Yahoo Finance Quote Download Java

June 4, 2017

Overview

Today's post includes and overview of a Java implementation created to support the new Yahoo Finance page changes. Previous posts include implementations in Bash and Python. Please review them if curious or if you feel the following doesn't have enough of an explanation of the issue created when Yahoo changed their finance page back in May.

For the impatient you can find the program in the following git repo.

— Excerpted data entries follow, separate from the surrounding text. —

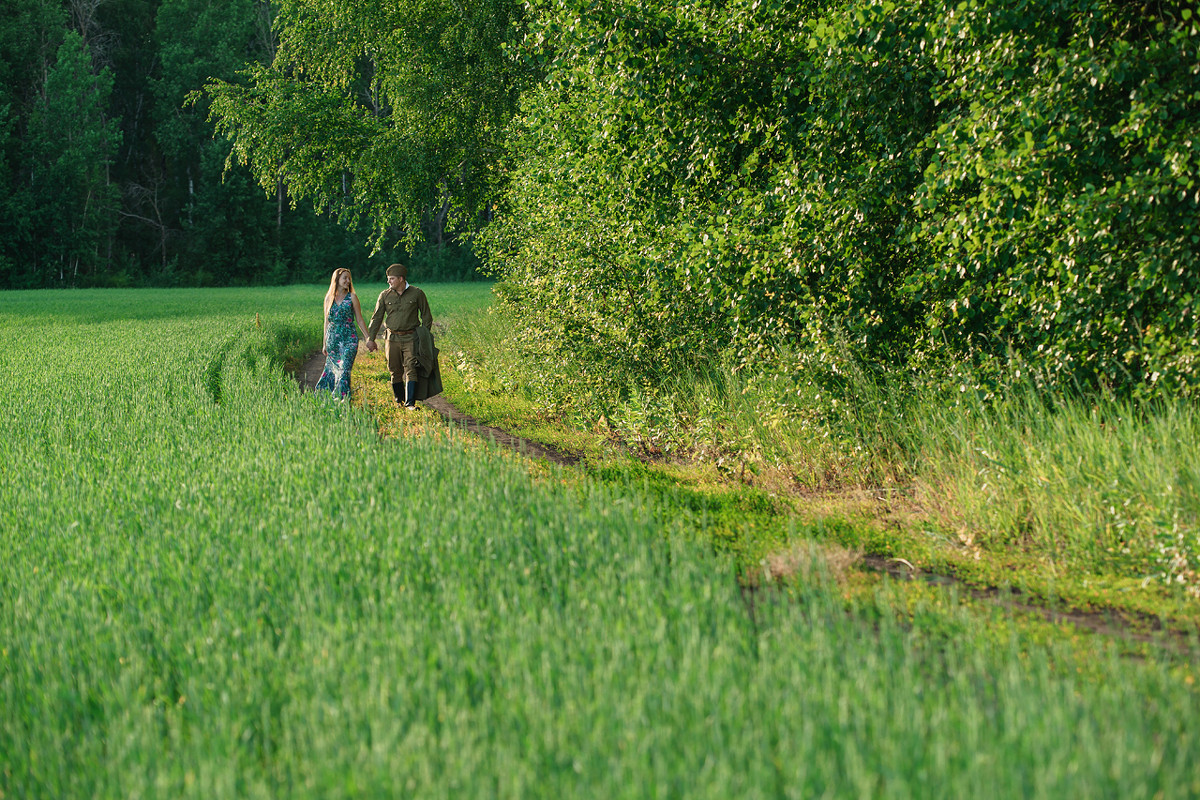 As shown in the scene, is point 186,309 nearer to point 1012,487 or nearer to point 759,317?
point 759,317

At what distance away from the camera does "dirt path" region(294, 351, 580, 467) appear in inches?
365

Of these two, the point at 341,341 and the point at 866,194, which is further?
the point at 341,341

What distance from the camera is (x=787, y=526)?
649cm

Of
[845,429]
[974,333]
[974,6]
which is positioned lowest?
[845,429]

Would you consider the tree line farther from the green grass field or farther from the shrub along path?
the green grass field

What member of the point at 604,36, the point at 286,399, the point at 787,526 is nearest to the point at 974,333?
the point at 787,526

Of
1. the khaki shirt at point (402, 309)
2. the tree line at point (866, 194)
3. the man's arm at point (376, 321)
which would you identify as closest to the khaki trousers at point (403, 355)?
the khaki shirt at point (402, 309)

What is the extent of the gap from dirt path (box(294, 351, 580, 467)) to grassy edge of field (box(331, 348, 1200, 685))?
35 cm

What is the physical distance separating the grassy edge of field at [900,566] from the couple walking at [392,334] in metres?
3.09

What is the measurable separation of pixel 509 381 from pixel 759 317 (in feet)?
20.5

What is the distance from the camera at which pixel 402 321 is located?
445 inches

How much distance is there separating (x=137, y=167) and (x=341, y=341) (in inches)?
2516

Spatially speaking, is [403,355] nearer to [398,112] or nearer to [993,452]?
[993,452]

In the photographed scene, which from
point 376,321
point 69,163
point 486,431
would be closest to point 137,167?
point 69,163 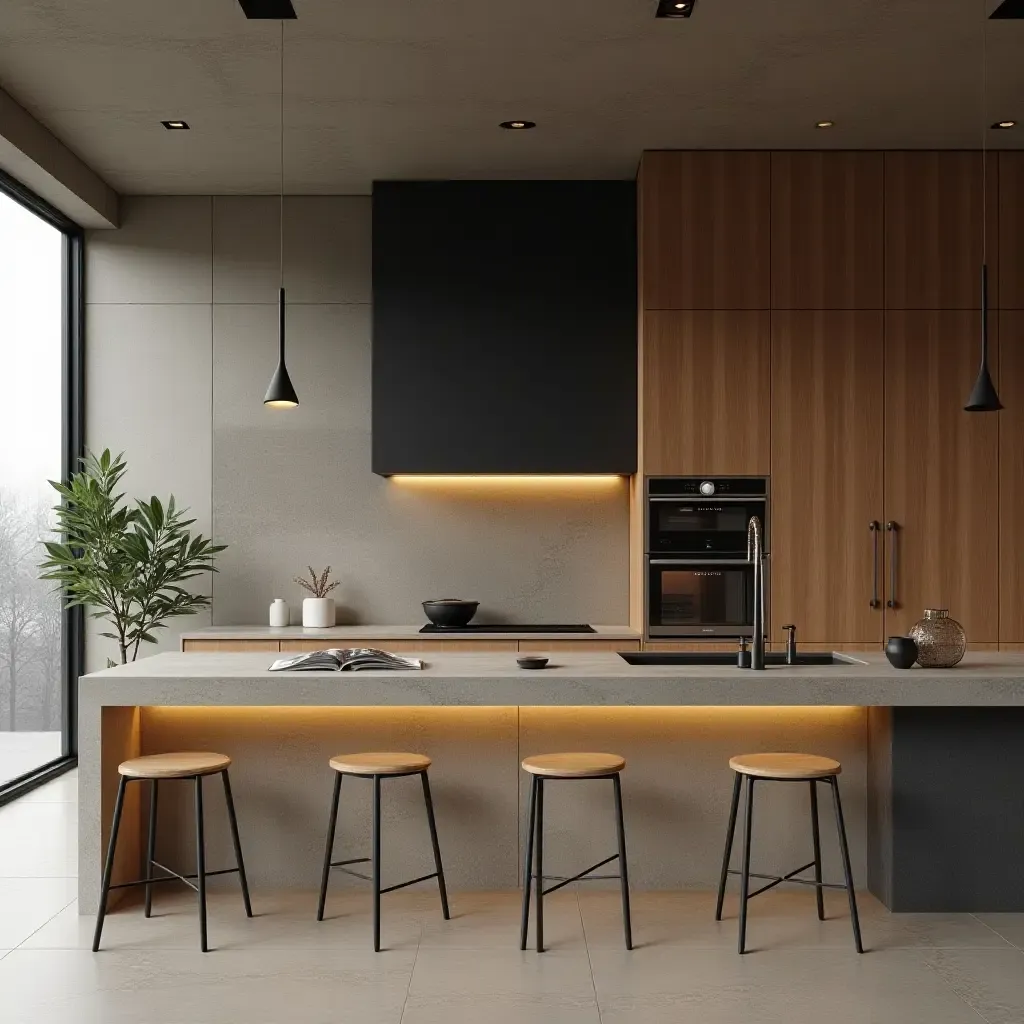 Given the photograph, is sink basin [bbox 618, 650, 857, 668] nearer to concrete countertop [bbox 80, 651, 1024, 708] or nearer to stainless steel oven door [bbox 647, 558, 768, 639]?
concrete countertop [bbox 80, 651, 1024, 708]

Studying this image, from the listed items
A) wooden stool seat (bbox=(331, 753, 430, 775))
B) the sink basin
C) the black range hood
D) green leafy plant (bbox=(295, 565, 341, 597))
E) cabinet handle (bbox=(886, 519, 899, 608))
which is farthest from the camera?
green leafy plant (bbox=(295, 565, 341, 597))

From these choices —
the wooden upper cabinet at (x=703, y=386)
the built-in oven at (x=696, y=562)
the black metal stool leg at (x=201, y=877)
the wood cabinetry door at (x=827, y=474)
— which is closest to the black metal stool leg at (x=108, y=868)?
the black metal stool leg at (x=201, y=877)

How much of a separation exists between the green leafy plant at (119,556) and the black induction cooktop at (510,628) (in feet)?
4.00

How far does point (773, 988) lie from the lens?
326cm

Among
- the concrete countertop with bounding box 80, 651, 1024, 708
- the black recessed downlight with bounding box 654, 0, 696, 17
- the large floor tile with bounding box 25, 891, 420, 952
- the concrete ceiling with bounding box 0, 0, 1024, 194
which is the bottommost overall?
the large floor tile with bounding box 25, 891, 420, 952

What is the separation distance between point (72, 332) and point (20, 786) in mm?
2424

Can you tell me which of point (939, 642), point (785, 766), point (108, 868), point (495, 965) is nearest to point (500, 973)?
point (495, 965)

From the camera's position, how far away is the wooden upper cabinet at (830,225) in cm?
551

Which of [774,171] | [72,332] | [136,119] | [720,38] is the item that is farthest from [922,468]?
[72,332]

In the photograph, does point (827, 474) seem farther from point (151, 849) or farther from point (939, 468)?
point (151, 849)

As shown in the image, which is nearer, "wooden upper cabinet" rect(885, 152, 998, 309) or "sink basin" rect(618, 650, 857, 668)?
"sink basin" rect(618, 650, 857, 668)

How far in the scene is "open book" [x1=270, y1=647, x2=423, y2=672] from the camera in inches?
152

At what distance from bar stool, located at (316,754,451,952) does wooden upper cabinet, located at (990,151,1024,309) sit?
365 cm

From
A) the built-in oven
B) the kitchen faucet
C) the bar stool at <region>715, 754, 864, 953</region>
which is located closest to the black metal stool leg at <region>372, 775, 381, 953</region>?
the bar stool at <region>715, 754, 864, 953</region> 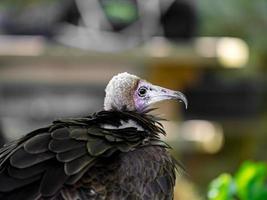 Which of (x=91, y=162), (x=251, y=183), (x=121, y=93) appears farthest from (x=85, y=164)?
(x=251, y=183)

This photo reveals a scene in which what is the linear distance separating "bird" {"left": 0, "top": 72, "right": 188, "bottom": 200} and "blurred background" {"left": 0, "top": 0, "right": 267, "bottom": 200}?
13.6 feet

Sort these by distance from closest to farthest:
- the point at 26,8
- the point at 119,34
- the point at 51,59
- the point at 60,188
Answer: the point at 60,188 < the point at 51,59 < the point at 119,34 < the point at 26,8

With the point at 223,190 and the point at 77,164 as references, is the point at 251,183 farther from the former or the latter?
the point at 77,164

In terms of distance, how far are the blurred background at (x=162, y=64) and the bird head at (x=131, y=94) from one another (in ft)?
12.0

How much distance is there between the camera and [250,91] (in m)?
11.7

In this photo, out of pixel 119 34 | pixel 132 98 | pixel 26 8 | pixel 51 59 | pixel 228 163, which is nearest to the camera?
pixel 132 98

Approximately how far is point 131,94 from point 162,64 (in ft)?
14.4

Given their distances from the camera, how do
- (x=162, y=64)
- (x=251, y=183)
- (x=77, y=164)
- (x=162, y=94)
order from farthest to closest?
(x=162, y=64), (x=251, y=183), (x=162, y=94), (x=77, y=164)

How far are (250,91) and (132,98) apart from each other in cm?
A: 701

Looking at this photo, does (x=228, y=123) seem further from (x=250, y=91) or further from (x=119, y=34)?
(x=119, y=34)

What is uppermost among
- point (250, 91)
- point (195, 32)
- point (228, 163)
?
point (195, 32)

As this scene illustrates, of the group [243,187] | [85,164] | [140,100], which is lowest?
[243,187]

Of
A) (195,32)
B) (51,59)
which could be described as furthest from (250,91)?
(51,59)

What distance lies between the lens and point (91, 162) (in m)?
4.03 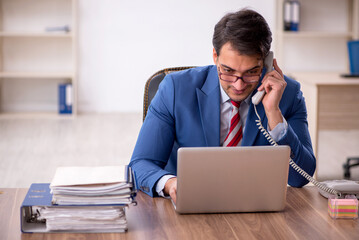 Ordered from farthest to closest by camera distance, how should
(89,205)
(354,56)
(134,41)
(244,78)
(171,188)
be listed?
(134,41)
(354,56)
(244,78)
(171,188)
(89,205)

https://github.com/bradlucas/get-yahoo-quotes-java

Investigating

The issue detailed previously is that to download quote data on the new Yahoo pages you need to do two things. First, you navigate to the symbol's data page. There your browser or client will be given a cookie that is needed for the later download. Also, the page will have a crumb value associated with CrumbStore. This value needs to be parsed out of the page's data.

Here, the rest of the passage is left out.